Chengdu Du Fu Thatched Cottage Museum
成都杜甫草堂博物馆
Address: 37, Qinghua Road, West Thatched Road of Chengdu, Sichuan Province
Websites: www.cddfct.com/dufu_for/main/navigation/lang/en (En)
www.cddfct.com (Cn)
Hours: 8:00-20:00,1 May -31 October (no entry after 19:00)
8:00-18:30,1 November - 30 April (no entry after 17:30)
Admission: 60 yuan
In the August of 761 A.D., a cold autumn wind blew down a cottage with heavy rain, causing a poet who experienced a hard life to write the following verse, “Could I get mansions covering ten thousand miles, I'd house all poor scholars and make them beam with smiles. In wind and rain these mansions would stand like mountains high.”
The verse is from the poem “My Cottage Unroofed by Autumn Gales” by Poet Sage Du Fu (712-770). The cottage in the poem can still be visited today in Chengdu as a museum to commemorate this great poet.
Du Fu, who lived during the transitional time from the pinnacle to the decline of the Tang Dynasty (618 - 907), was a great Chinese realist poet. His path through life was hard and he was unsuccessful in his chosen profession, but his poetry compositions led him to be hailed as the poet of highest attainments in Chinese history.
The Thatched Cottage of Du Fu is located at the side of the Flower Bathing Brook on the western outskirts of Chengdu. During his stay of nearly four years, he composed more than 240 poems reflecting upon the misery of the people. His poems exercised a deep and enduring influence on the development of Chinese literature and are regarded as some of the highest achievements of any Chinese poet.

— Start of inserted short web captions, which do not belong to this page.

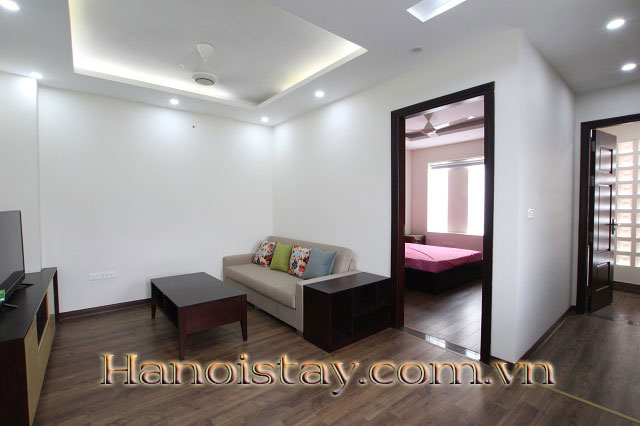Chính chủ cho thuê căn hộ gần Văn Miếu Quốc Tử Giám, đầy đủ nội thất, giá cạnh tranh 2
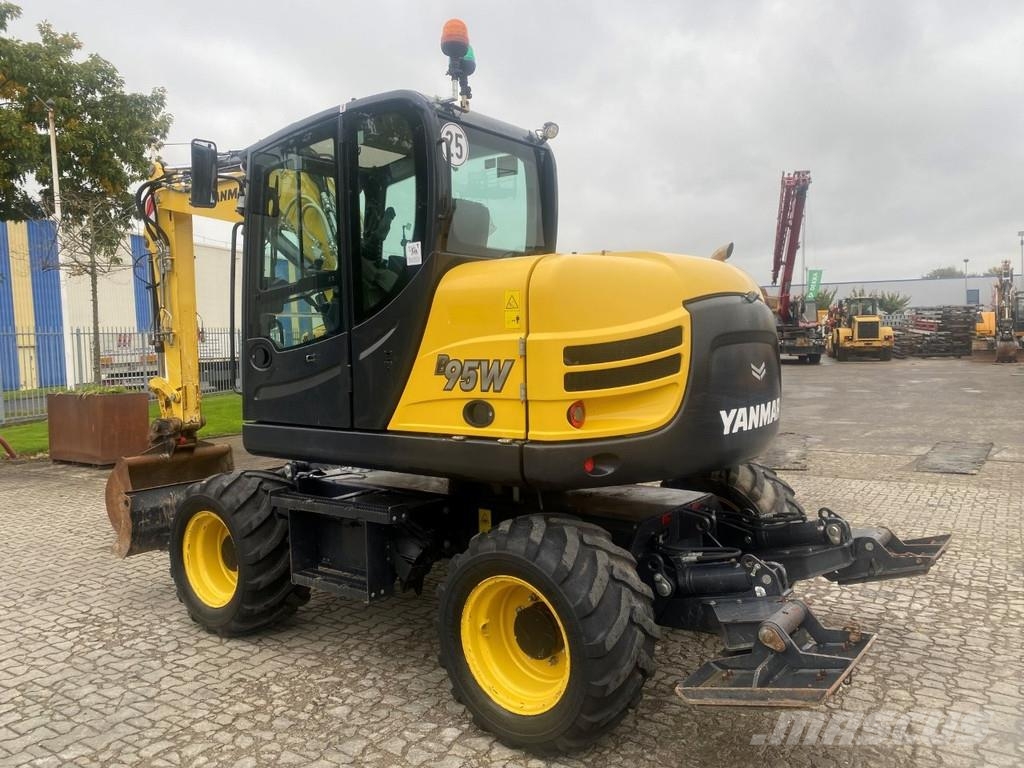 Yanmar B95w . Excavadoras de ruedas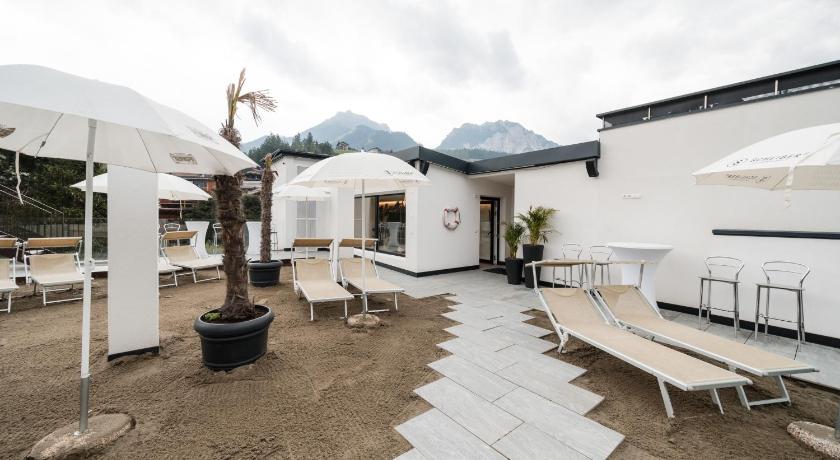 马雷贝 Al Plan, A mountain moving hotel 4星级 酒店 设施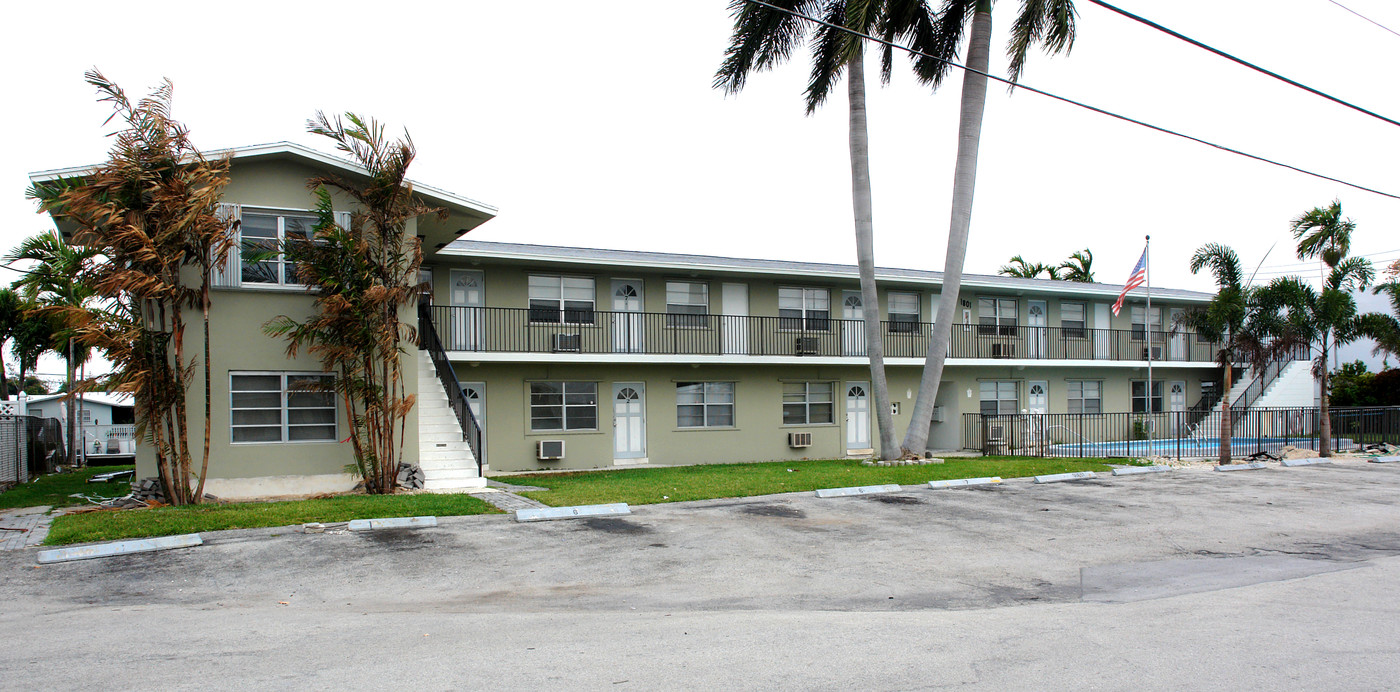 1801 SE 4th St in Pompano Beach, FL - Building Photo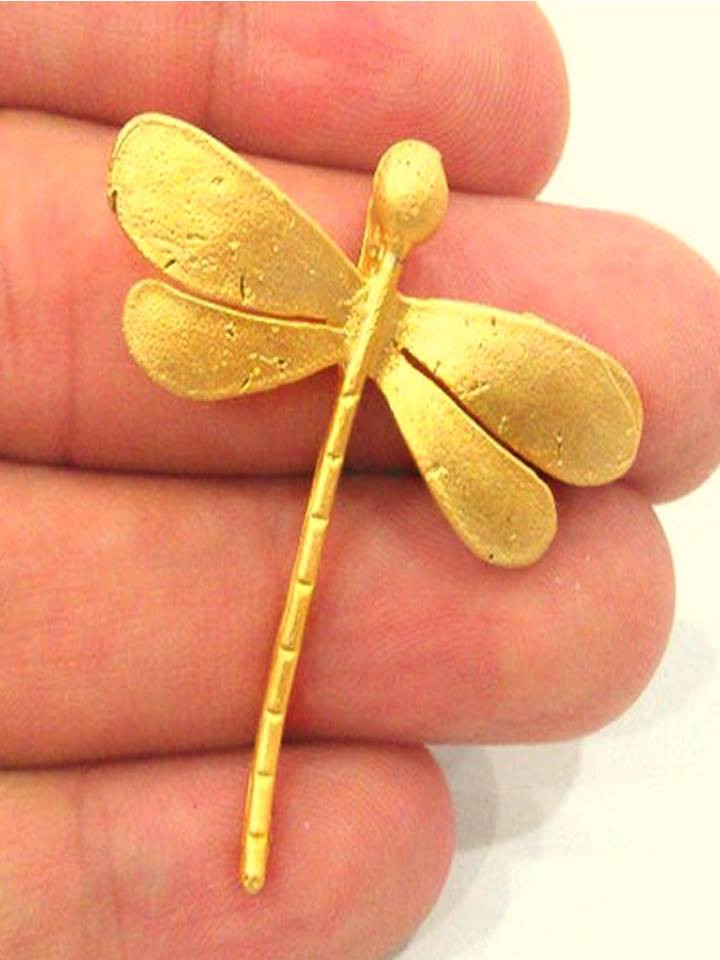 GOLD BUTTERFLY PENDANT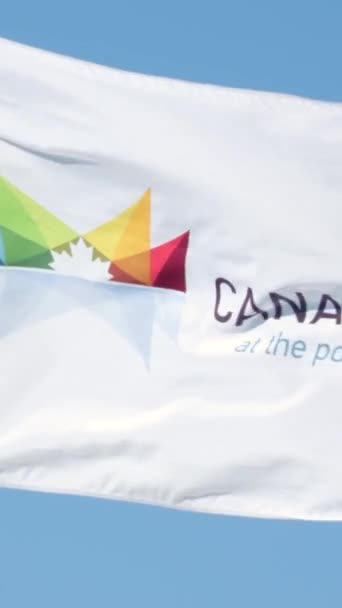 加拿大国旗覆盖 在阳光明媚的夏日 温哥华市中心的加拿大广场和商业建筑从水里眺望 不列颠哥伦比亚省 加拿大 高质量的照片 — 图库视频影像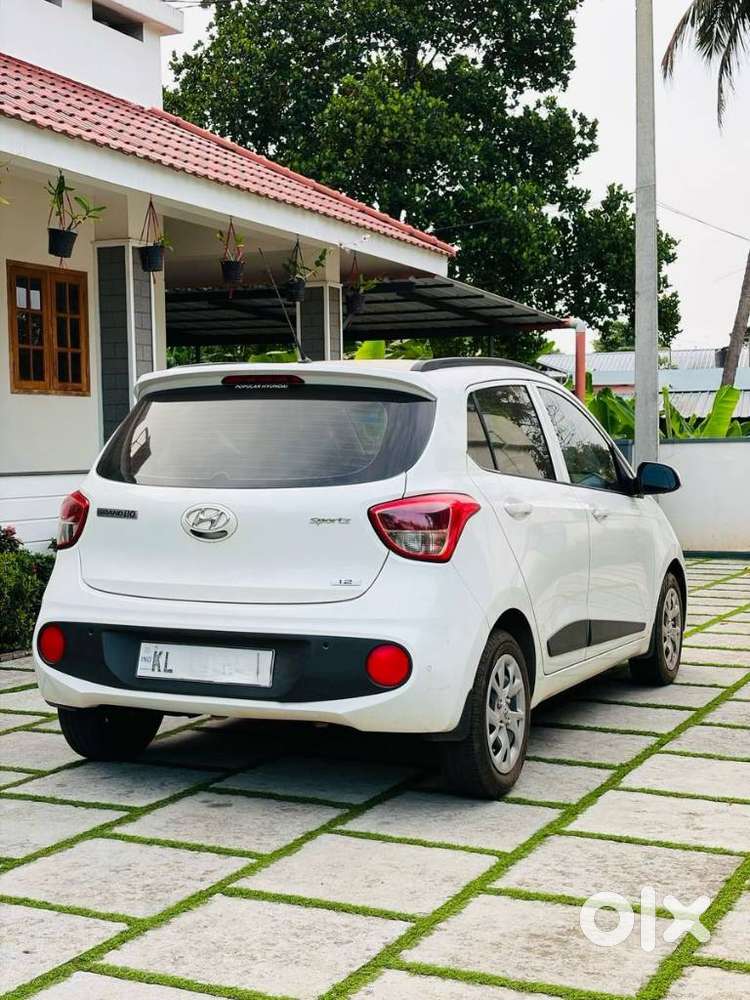 Hyundai I10 Sportz, 2019, Petrol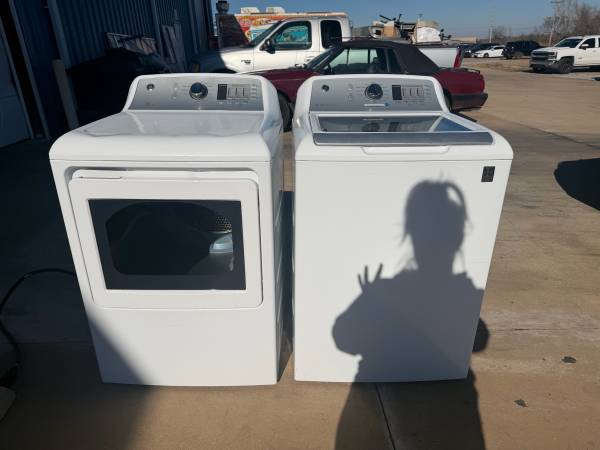 GE XL Topload washer Dryer 1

The Museum consists of a Memorial Hall, the Da Ya Tang Hall (the hall of great poets) and the Thatched Cottage of Du Fu. In addition to a display about his life, there is a library with books and ancient wooden carvings of his poems and a foreign section which holds books with his poems in different languages. Other famous attractions include the Tablet Pavilion, Fan’an Temple, three bamboo groves and a plum garden. The Tablet Pavilion, which was the original site of the old cottage, consists of nine rooms and bears a thatched roof.